-- Opening Marker --
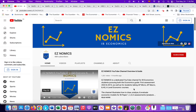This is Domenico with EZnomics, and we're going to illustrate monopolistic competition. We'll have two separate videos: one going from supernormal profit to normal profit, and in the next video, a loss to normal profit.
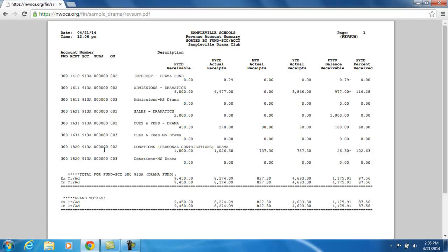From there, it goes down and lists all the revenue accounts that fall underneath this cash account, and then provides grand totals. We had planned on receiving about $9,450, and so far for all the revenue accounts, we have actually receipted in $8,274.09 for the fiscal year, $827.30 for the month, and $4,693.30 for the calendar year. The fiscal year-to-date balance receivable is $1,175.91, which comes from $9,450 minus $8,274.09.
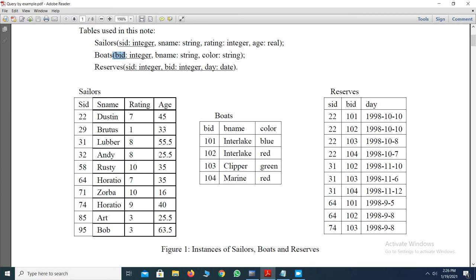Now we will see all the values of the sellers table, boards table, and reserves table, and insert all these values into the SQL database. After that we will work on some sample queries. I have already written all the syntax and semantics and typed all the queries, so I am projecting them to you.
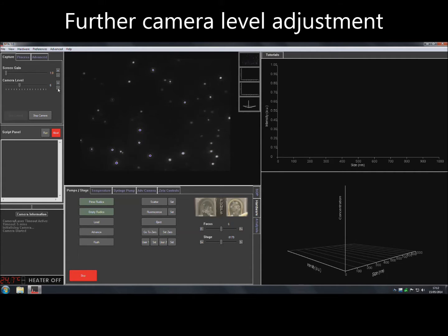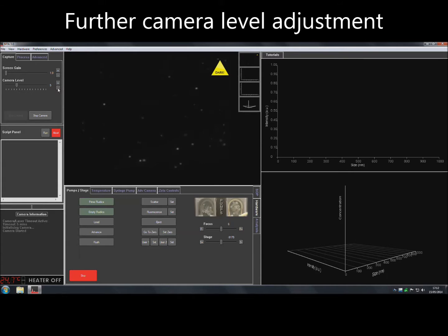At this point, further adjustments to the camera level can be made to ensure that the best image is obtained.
-- Closing Marker --
▶ **TASK TO COMPLETE**:
Omit the pictures, then print the rest of the listing above exactly.

▶ **SOLVED EXERCISE**:
This is Domenico with EZnomics, and we're going to illustrate monopolistic competition. We'll have two separate videos: one going from supernormal profit to normal profit, and in the next video, a loss to normal profit.
From there, it goes down and lists all the revenue accounts that fall underneath this cash account, and then provides grand totals. We had planned on receiving about $9,450, and so far for all the revenue accounts, we have actually receipted in $8,274.09 for the fiscal year, $827.30 for the month, and $4,693.30 for the calendar year. The fiscal year-to-date balance receivable is $1,175.91, which comes from $9,450 minus $8,274.09.
Now we will see all the values of the sellers table, boards table, and reserves table, and insert all these values into the SQL database. After that we will work on some sample queries. I have already written all the syntax and semantics and typed all the queries, so I am projecting them to you.
At this point, further adjustments to the camera level can be made to ensure that the best image is obtained.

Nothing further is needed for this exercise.